I am, without a doubt, my mother's daughter. I am like her in so many ways, it's frightening. One of my favorite traits that I've inherited from my mom, is my undeniable desire to always play the role of the hostess. Not that I'm perpetually throwing fabulous dinner parties (though I see plenty of those in my near future), no, it's more about playing that "Suzy Homemaker" role and accommodating my guests. So when I received the joyous news that my best friend was coming to visit me in New York for a long weekend, I of course felt the urgent need to bake something from scratch- something that we could nibble on in the mornings when we were too, um... tired (certainly not hungover) to go out and grab breakfast.
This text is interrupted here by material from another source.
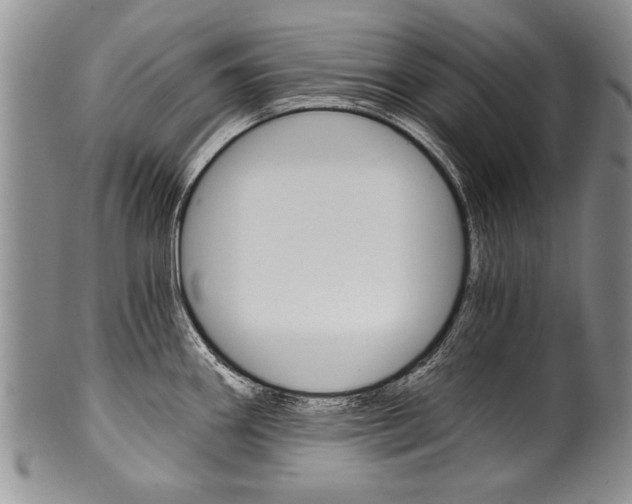 X0000101121290200806261036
I always enjoy trying different bread recipes, but banana bread is by far my favorite. It's hard not to like it; banana bread is one of those classic, comforting crowd pleasers.
I go through these phases where I become obsessed with a particular type of food. Last winter it was coconut macaroons, this summer, barbecue. This past spring, however, it was all things banana. I think it all began with that fateful first bite of banana cake from Billy's Bakery. Seriously, I can not stress enough to you the divine essence of this cake. No joke, it made me weak in the knees, most likely due to the pillow of cream cheese frosting that sat upon it. If any of you reading this are from the New York area, you MUST go to this bakery. (I actually think their plain vanilla cupcakes are better than the ones at Magnolia, hands down). Anyways, throughout the course of my banana obsessed phase, I made several versions of banana bread- I don't know if I've ever actually made the same recipe twice. I guess I've been searching for that one perfect recipe, the one that beckons me every time I feel the craving for homemade banana bread coming on.
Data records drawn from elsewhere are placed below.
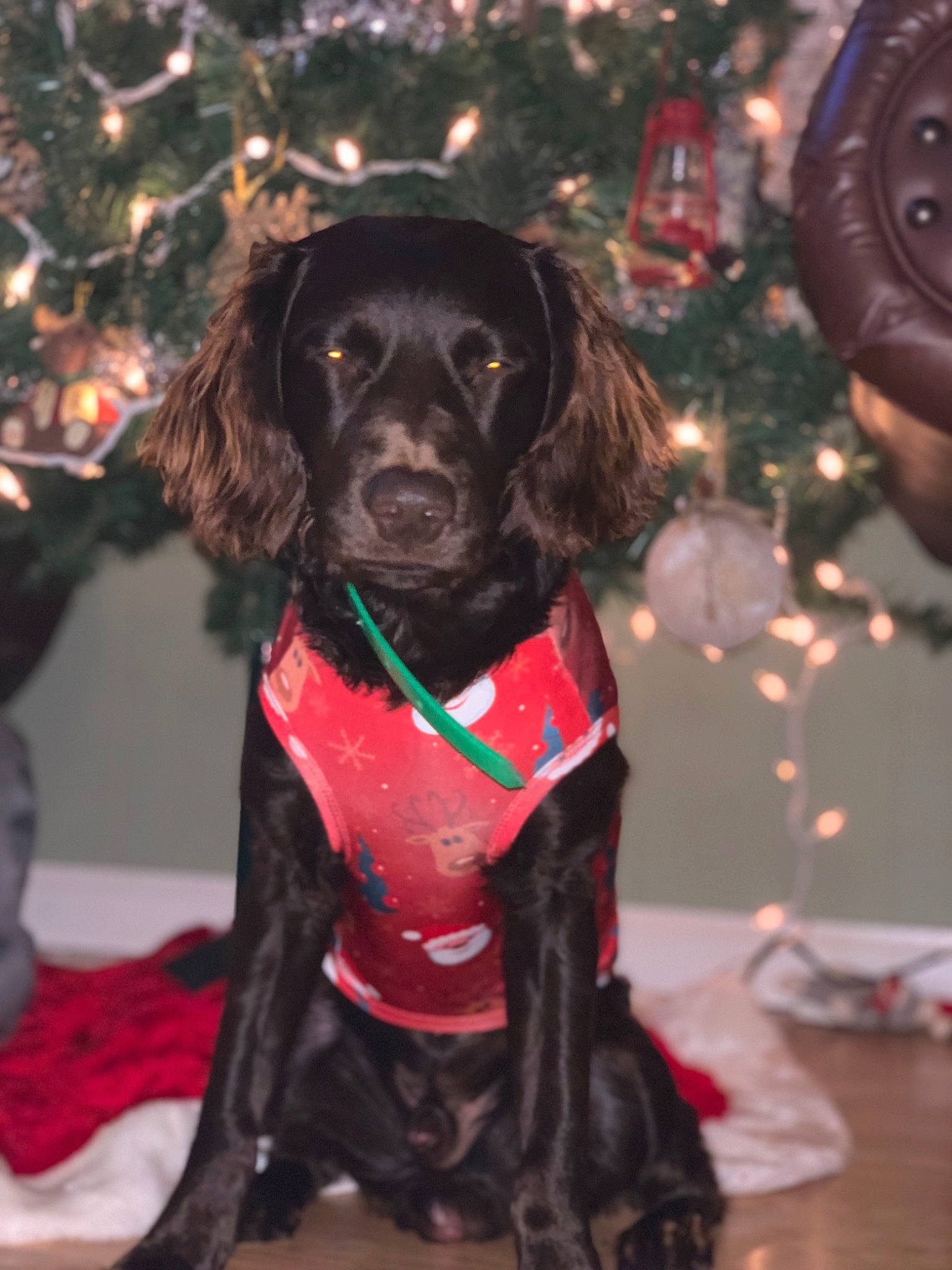 Rip is registered to the contest to win money with this photo: canidae, carnivore, collar, companion_dog, dog, dog_breed, dog_clothes, dog_collar, dog_supply, event, fawn, fur, holiday, liver, ornament, snout, spaniel, sporting_group, winter, working_animal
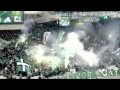 Panathinaikos  brothers ultras  gate 13  ultras rapid  curva sud 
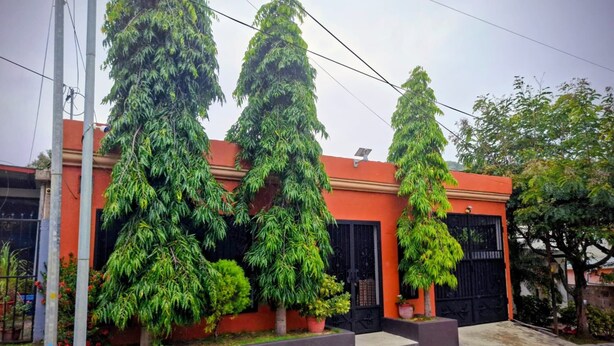 Un edificio residenziale con facciata rossa, cancelli neri e tre grandi alberi davanti.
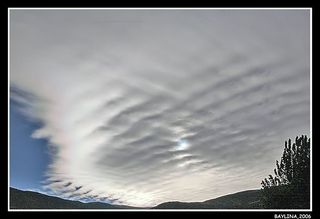 Altocumulus undulatus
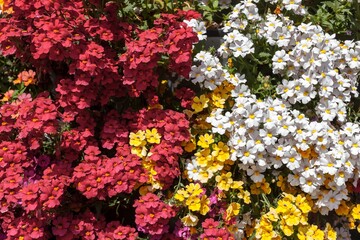 Fototapeta premium multi-colored phlox planters, red, fuchsia, white and yellow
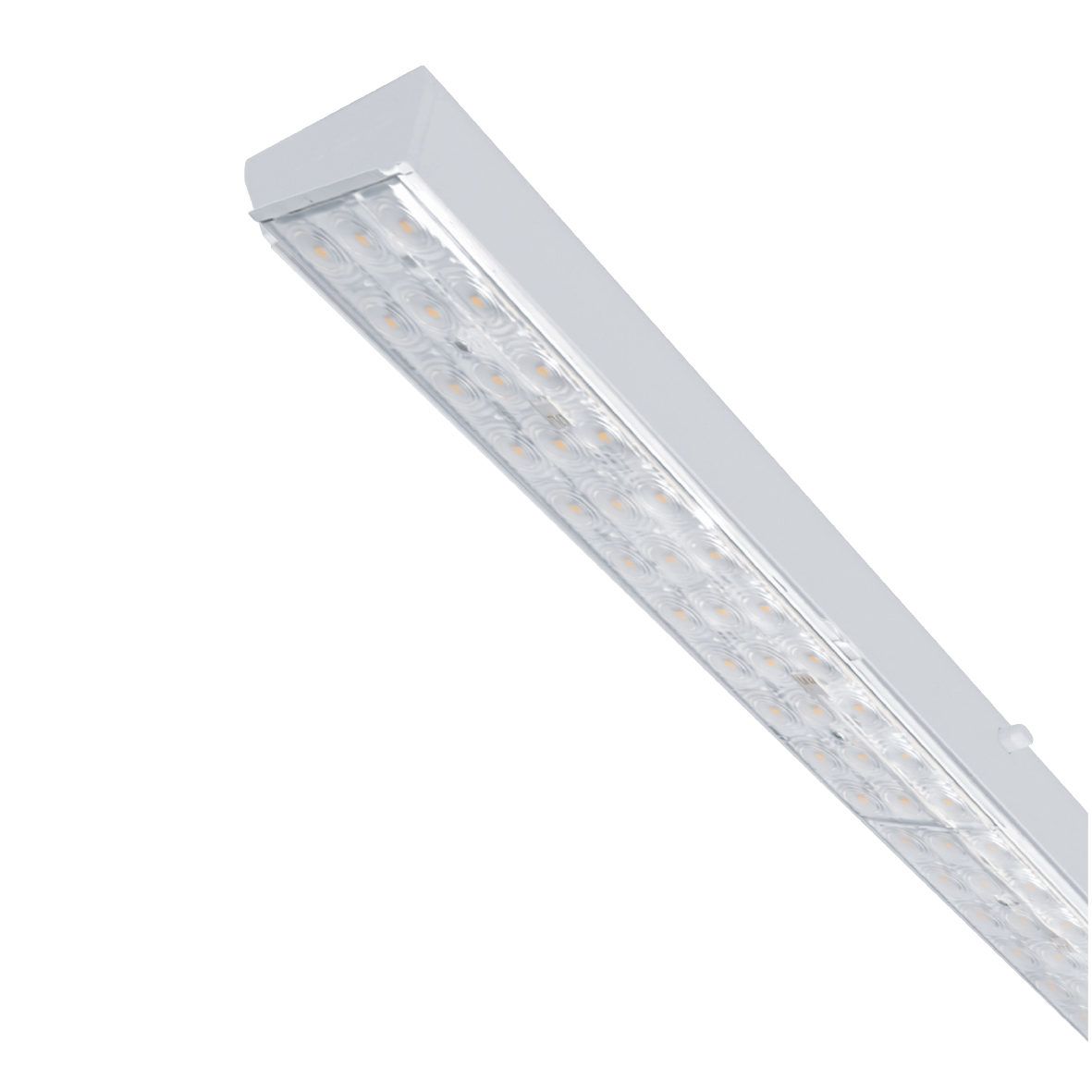 LN5460173-XXXP406170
Now, I wish I could say that my quest for the perfect banana bread was over. But if I'm going to be completely honest with you, and I will always try to be, I'll have to admit that chances are, I will be googling "banana bread recipes" again at some point. Don't get me wrong, the recipe below is definitely worth trying. It has a chewy, sweet crust and dense, moist center, with plenty of banana flavor to go around. It was incredibly easy to make too, which is always a bonus. Maybe the problem doesn't lie within this particular recipe at all, or any of the other banana bread recipes I've tried this year for that matter. Maybe the issue here is that the banana cake from Billy's Bakery has set the bar too high, at heavenly standards, and perhaps, I should bring my expectations back down to, say, a humanly accessible level.
Banana Nut Bread
Recipe adapted from All Recipes
Tip: This bread is better the day after it's baked.
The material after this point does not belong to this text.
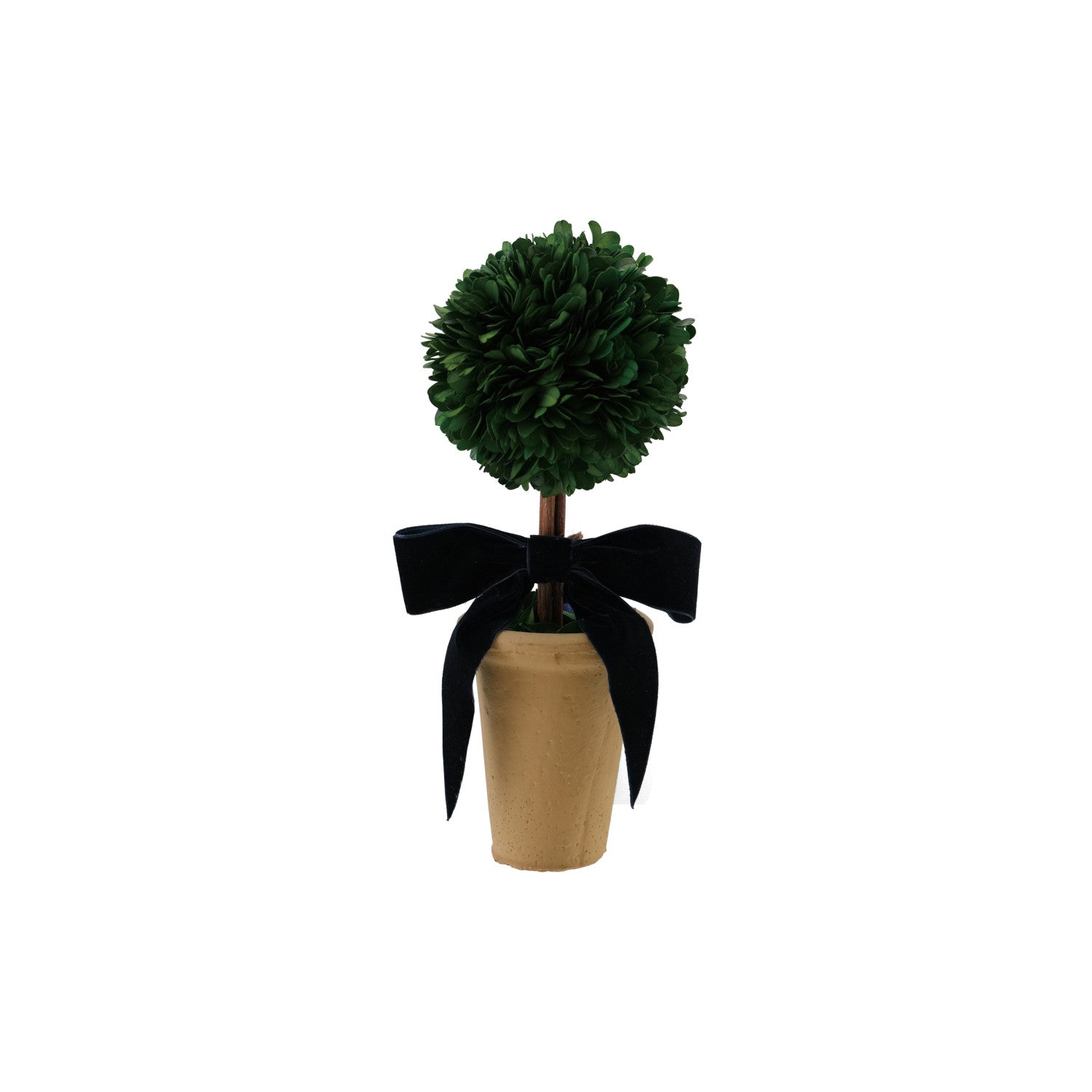 Dried Boxwood Tree in Terra-cotta Pot with Navy Color Velvet Bow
1 tablespoon unsalted butter
1/3 cup buttermilk
1/2 cup vegetable oil
3 large ripe bananas, mashed (about 1 1/4 cups)
1 tsp vanilla extract
1 cup, plus 1 tablespoon granulated sugar
1/2 cup brown sugar, packed
1 3/4 cups all-purpose flour (try substituting 3/4 cup of whole wheat flour for a healthier option)
1 tsp baking soda
1/2 tsp salt
1/2 tsp, plus 1/2 tablespoon cinnamon
1/2 cup chopped pecans or walnuts (I used a mixture of both)
Heat the oven to 325 degrees F. Grease a 9x5 inch loaf pan with the 1 tablespoon of butter. In a small ramekin, mix together the 1 tablespoon of granulated sugar and 1/2 tablespoon of cinnamon. Sprinkle the buttered loaf pan liberally with the cinnamon-sugar mixture.
In a large bowl, beat together the eggs, buttermilk, oil, vanilla, and bananas. In a separate, smaller bowl, sift together the sugars, flour, baking soda, salt, and cinnamon. Add the flour mixture to the banana mixture and stir to combine. Add the nuts and stir again.
Pour batter into prepared loaf pan and bake 1 hour and 10 minutes to 1 hour and 20 minutes, or until an inserted cake tester comes out clean. Let cool on a wire rack for at least 15 minutes.